- Born: May 26, 1943 Rossford, Ohio, U.S.
- Died: February 5, 2025 (aged 81) Grass Valley, California, U.S.
- Education: Wayne State University Columbia University
- Occupation: News anchor
- Years active: 1968–2008
- Employer: KTVU

= Dennis Richmond =

American news anchor (1943–2025)

Dennis Richmond (May 26, 1943 – February 5, 2025) was an American news anchor who spent 40 years with Oakland, California-based KTVU.

==Biography==
===Early life===
Richmond was born in Toledo, Ohio, and raised in Rossford, Ohio, a village in the Toledo area. He graduated from Rossford High School in 1961. He served in the United States Army from 1961 to 1964 with the 82nd Airborne Division. He attended Wayne State University in Detroit from 1965 to 1967. He then attended Columbia University Graduate School of Journalism in 1969 on a scholarship which he was offered while working at KTVU.

===Career===
Richmond joined KTVU on April 23, 1968, as a clerk typist, and became anchor in 1976—one of the first African-Americans to become chief anchor of a major-market TV newscast. He co-anchored alongside Barbara Simpson from 1978 to 1986. Elaine Corral served as co-anchor from 1986 to 1998, followed by Leslie Griffith through 2006. His last co-anchor was Julie Haener. During his career he and his wife settled in San Ramon, California.

After forty years with KTVU—thirty-one as anchor—Richmond retired on May 26, 2008, his 65th birthday. By the time of his retirement, Richmond had become the highly respected "dean" of Bay Area TV news anchors, the longest-serving anchor in the Bay Area's history. His final show garnered 400,000 viewers, giving the newscast a 15.6 Nielsen rating and making him "more popular than Oprah". He had one daughter from a previous relationship and two grandchildren.

Frank Somerville, a longtime anchor for KTVU's morning and afternoon newscasts, succeeded Richmond as anchor of the 10 O'Clock News.

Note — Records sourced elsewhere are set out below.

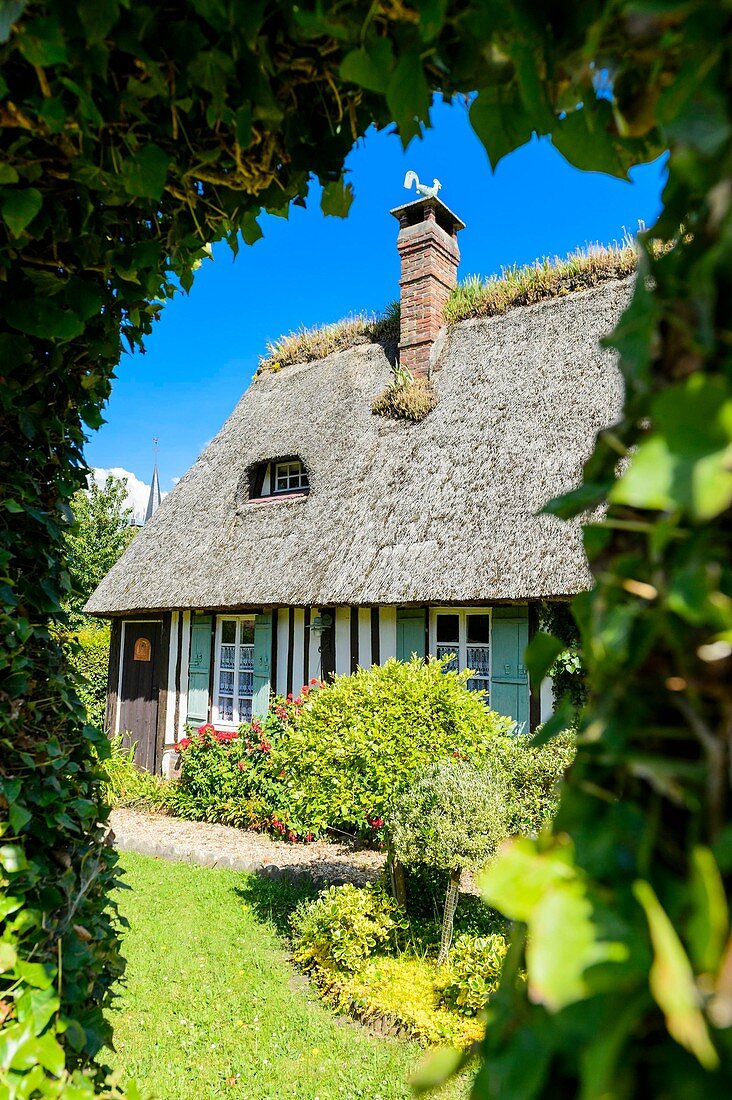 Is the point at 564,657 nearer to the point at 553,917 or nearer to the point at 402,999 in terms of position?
the point at 402,999

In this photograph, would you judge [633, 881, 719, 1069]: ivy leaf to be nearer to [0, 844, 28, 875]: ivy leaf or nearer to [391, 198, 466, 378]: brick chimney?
[0, 844, 28, 875]: ivy leaf

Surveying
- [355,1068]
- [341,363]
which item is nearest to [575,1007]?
[355,1068]

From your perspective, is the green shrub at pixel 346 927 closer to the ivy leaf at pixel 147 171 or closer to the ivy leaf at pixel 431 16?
the ivy leaf at pixel 147 171

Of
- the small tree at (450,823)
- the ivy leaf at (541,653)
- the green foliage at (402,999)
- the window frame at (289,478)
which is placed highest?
the window frame at (289,478)

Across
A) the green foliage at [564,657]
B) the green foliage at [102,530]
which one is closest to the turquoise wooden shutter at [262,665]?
the green foliage at [564,657]

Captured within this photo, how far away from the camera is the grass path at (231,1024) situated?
11.8 feet

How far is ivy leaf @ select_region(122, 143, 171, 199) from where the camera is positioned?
136 cm

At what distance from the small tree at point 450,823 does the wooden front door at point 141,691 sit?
7.41m

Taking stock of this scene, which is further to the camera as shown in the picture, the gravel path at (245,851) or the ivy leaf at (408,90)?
the gravel path at (245,851)

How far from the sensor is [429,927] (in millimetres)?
5297

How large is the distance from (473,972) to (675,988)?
14.5ft

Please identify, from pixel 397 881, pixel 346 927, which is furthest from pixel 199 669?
pixel 346 927

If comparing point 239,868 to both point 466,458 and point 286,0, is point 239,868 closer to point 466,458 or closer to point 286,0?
point 466,458

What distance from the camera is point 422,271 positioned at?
416 inches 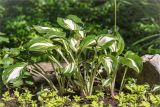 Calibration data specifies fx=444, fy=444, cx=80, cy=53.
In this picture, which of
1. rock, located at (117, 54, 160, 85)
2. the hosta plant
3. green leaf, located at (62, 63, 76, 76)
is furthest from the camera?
rock, located at (117, 54, 160, 85)

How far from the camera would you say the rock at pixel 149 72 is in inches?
141

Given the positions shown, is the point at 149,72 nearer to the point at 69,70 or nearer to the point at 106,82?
the point at 106,82

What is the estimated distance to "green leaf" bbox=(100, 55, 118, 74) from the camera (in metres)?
3.26

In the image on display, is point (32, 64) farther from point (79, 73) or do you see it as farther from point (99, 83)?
point (99, 83)

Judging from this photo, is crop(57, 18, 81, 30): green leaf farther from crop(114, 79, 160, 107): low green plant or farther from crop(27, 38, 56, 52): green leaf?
crop(114, 79, 160, 107): low green plant

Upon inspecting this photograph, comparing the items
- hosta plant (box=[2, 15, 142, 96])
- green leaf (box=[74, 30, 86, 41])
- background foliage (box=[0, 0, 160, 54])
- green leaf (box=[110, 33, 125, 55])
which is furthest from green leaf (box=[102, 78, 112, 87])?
background foliage (box=[0, 0, 160, 54])

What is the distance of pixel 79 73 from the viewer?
341 cm

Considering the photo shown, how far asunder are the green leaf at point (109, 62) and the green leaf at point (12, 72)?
61 cm

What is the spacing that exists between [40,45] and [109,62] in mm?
524

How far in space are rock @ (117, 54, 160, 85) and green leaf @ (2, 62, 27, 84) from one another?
0.91 metres

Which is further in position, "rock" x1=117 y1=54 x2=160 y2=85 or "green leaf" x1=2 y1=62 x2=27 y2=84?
"rock" x1=117 y1=54 x2=160 y2=85

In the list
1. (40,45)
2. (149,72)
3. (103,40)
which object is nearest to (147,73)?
(149,72)

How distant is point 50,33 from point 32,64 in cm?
31

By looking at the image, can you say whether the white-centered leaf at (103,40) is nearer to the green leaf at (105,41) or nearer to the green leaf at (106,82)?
the green leaf at (105,41) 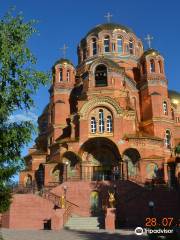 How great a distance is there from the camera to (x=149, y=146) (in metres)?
34.8

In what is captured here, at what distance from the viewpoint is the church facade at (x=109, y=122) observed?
112ft

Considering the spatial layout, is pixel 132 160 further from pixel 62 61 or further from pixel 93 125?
pixel 62 61

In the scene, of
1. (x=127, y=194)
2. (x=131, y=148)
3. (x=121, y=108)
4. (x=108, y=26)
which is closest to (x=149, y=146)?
(x=131, y=148)

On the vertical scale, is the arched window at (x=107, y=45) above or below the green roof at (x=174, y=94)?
above

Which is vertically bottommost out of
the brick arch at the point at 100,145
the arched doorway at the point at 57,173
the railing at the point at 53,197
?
the railing at the point at 53,197

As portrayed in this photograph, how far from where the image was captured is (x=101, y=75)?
132ft

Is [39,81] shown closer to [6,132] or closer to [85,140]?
[6,132]

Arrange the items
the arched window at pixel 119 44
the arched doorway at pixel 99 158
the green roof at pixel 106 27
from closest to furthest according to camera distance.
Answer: the arched doorway at pixel 99 158, the arched window at pixel 119 44, the green roof at pixel 106 27

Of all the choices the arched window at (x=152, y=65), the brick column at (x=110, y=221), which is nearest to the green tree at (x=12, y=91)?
the brick column at (x=110, y=221)

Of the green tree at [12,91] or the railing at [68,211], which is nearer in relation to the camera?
the green tree at [12,91]

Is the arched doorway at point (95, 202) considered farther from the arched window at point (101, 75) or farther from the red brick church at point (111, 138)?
the arched window at point (101, 75)

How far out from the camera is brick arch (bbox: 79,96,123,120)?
1369 inches

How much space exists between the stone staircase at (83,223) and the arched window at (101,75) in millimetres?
16317

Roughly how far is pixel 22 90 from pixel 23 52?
1498 mm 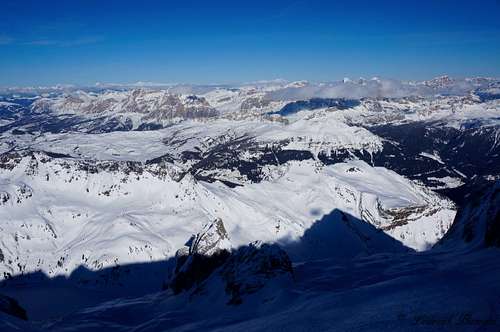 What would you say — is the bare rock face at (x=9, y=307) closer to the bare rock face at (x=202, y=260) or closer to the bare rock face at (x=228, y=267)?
the bare rock face at (x=228, y=267)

===Personal life and death===
Dennis Richmond was a native of the area of Toledo, Ohio, and served in the United States Army for three years. He gambled on driving to California where he had relatives; he later found employment with KTVU as a typist and never left.

Richmond was a member of the board of directors of the Child Abuse Consortium, which is a California statewide government agency. He served as the General Chairperson of the YMCA fundraising drive for Alameda County. He also served in the Oakland Mayor's Blue Ribbon Committee to Save High School Sports.

During Richmond's years as a news anchor, his wife operated a salon and Spa. Richmond was living in Grass Valley, California with his wife Deborah when he died on February 5, 2025, at the age of 81. His wife told a member of KTVU that he suffered a heart attack and a fall weeks before.

===Awards===
Richmond won several awards, including the Humanitarian Award of Oakland (the highest honor given in that city) and the Black Media Coalition Journalist of the Year Award.

Richmond also received an Award of Distinction from Rossford High School, as a distinguished graduate.